_What the task asks:_ Your answer should be the complete set of entries, transcribed exactly.
=== Section Start ===
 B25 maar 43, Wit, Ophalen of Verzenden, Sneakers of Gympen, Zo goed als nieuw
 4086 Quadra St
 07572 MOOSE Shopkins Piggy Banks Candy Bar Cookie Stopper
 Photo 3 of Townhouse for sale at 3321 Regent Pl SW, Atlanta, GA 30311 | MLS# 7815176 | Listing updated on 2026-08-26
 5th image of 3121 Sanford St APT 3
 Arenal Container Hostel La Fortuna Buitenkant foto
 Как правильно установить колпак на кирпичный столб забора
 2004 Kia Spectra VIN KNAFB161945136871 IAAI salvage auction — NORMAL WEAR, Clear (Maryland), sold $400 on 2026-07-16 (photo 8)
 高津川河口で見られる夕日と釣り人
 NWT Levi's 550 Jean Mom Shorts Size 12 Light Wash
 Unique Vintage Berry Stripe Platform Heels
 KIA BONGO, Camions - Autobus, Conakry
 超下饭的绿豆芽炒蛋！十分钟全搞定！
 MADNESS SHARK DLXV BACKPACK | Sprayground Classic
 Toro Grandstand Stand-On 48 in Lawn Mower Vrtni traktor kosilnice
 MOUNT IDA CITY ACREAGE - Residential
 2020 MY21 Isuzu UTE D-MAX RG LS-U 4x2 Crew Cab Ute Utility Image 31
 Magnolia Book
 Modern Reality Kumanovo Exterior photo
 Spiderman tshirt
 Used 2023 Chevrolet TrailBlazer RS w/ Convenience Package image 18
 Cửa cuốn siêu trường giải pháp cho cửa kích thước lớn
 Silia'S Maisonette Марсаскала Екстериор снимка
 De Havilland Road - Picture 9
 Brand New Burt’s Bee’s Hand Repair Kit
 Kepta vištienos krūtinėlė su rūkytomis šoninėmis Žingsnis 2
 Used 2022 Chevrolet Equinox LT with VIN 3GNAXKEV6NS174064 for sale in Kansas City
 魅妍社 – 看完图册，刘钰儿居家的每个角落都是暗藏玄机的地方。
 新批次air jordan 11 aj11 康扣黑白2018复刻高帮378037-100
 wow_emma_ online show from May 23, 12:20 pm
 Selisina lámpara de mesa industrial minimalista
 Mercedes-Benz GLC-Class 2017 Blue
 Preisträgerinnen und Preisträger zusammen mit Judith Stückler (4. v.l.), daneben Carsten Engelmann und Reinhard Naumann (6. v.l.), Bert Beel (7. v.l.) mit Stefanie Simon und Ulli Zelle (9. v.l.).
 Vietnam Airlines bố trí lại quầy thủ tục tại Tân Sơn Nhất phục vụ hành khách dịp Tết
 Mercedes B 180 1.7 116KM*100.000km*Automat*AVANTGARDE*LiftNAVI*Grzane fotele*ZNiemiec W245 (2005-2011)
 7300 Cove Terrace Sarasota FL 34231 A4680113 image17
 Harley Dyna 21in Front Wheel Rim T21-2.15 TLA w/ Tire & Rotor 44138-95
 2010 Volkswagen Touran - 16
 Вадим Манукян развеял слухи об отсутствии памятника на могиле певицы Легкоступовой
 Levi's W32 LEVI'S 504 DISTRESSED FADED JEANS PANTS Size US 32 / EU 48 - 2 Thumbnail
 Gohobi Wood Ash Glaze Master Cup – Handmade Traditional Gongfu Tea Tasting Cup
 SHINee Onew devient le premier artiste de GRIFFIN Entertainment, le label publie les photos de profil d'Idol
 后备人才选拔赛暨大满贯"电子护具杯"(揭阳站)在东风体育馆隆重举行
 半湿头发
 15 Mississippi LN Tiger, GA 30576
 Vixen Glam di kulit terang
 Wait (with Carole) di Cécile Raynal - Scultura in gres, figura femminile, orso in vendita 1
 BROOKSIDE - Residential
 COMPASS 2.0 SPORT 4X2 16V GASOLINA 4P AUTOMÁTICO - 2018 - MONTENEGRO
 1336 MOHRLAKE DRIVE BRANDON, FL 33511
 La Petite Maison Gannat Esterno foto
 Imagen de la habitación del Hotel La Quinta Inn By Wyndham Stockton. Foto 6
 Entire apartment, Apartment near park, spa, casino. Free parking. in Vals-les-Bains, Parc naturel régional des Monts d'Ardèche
=== Section End ===
_Exercise solution:_
 B25 maar 43, Wit, Ophalen of Verzenden, Sneakers of Gympen, Zo goed als nieuw
 4086 Quadra St
 07572 MOOSE Shopkins Piggy Banks Candy Bar Cookie Stopper
 Photo 3 of Townhouse for sale at 3321 Regent Pl SW, Atlanta, GA 30311 | MLS# 7815176 | Listing updated on 2026-08-26
 5th image of 3121 Sanford St APT 3
 Arenal Container Hostel La Fortuna Buitenkant foto
 Как правильно установить колпак на кирпичный столб забора
 2004 Kia Spectra VIN KNAFB161945136871 IAAI salvage auction — NORMAL WEAR, Clear (Maryland), sold $400 on 2026-07-16 (photo 8)
 高津川河口で見られる夕日と釣り人
 NWT Levi's 550 Jean Mom Shorts Size 12 Light Wash
 Unique Vintage Berry Stripe Platform Heels
 KIA BONGO, Camions - Autobus, Conakry
 超下饭的绿豆芽炒蛋！十分钟全搞定！
 MADNESS SHARK DLXV BACKPACK | Sprayground Classic
 Toro Grandstand Stand-On 48 in Lawn Mower Vrtni traktor kosilnice
 MOUNT IDA CITY ACREAGE - Residential
 2020 MY21 Isuzu UTE D-MAX RG LS-U 4x2 Crew Cab Ute Utility Image 31
 Magnolia Book
 Modern Reality Kumanovo Exterior photo
 Spiderman tshirt
 Used 2023 Chevrolet TrailBlazer RS w/ Convenience Package image 18
 Cửa cuốn siêu trường giải pháp cho cửa kích thước lớn
 Silia'S Maisonette Марсаскала Екстериор снимка
 De Havilland Road - Picture 9
 Brand New Burt’s Bee’s Hand Repair Kit
 Kepta vištienos krūtinėlė su rūkytomis šoninėmis Žingsnis 2
 Used 2022 Chevrolet Equinox LT with VIN 3GNAXKEV6NS174064 for sale in Kansas City
 魅妍社 – 看完图册，刘钰儿居家的每个角落都是暗藏玄机的地方。
 新批次air jordan 11 aj11 康扣黑白2018复刻高帮378037-100
 wow_emma_ online show from May 23, 12:20 pm
 Selisina lámpara de mesa industrial minimalista
 Mercedes-Benz GLC-Class 2017 Blue
 Preisträgerinnen und Preisträger zusammen mit Judith Stückler (4. v.l.), daneben Carsten Engelmann und Reinhard Naumann (6. v.l.), Bert Beel (7. v.l.) mit Stefanie Simon und Ulli Zelle (9. v.l.).
 Vietnam Airlines bố trí lại quầy thủ tục tại Tân Sơn Nhất phục vụ hành khách dịp Tết
 Mercedes B 180 1.7 116KM*100.000km*Automat*AVANTGARDE*LiftNAVI*Grzane fotele*ZNiemiec W245 (2005-2011)
 7300 Cove Terrace Sarasota FL 34231 A4680113 image17
 Harley Dyna 21in Front Wheel Rim T21-2.15 TLA w/ Tire & Rotor 44138-95
 2010 Volkswagen Touran - 16
 Вадим Манукян развеял слухи об отсутствии памятника на могиле певицы Легкоступовой
 Levi's W32 LEVI'S 504 DISTRESSED FADED JEANS PANTS Size US 32 / EU 48 - 2 Thumbnail
 Gohobi Wood Ash Glaze Master Cup – Handmade Traditional Gongfu Tea Tasting Cup
 SHINee Onew devient le premier artiste de GRIFFIN Entertainment, le label publie les photos de profil d'Idol
 后备人才选拔赛暨大满贯"电子护具杯"(揭阳站)在东风体育馆隆重举行
 半湿头发
 15 Mississippi LN Tiger, GA 30576
 Vixen Glam di kulit terang
 Wait (with Carole) di Cécile Raynal - Scultura in gres, figura femminile, orso in vendita 1
 BROOKSIDE - Residential
 COMPASS 2.0 SPORT 4X2 16V GASOLINA 4P AUTOMÁTICO - 2018 - MONTENEGRO
 1336 MOHRLAKE DRIVE BRANDON, FL 33511
 La Petite Maison Gannat Esterno foto
 Imagen de la habitación del Hotel La Quinta Inn By Wyndham Stockton. Foto 6
 Entire apartment, Apartment near park, spa, casino. Free parking. in Vals-les-Bains, Parc naturel régional des Monts d'Ardèche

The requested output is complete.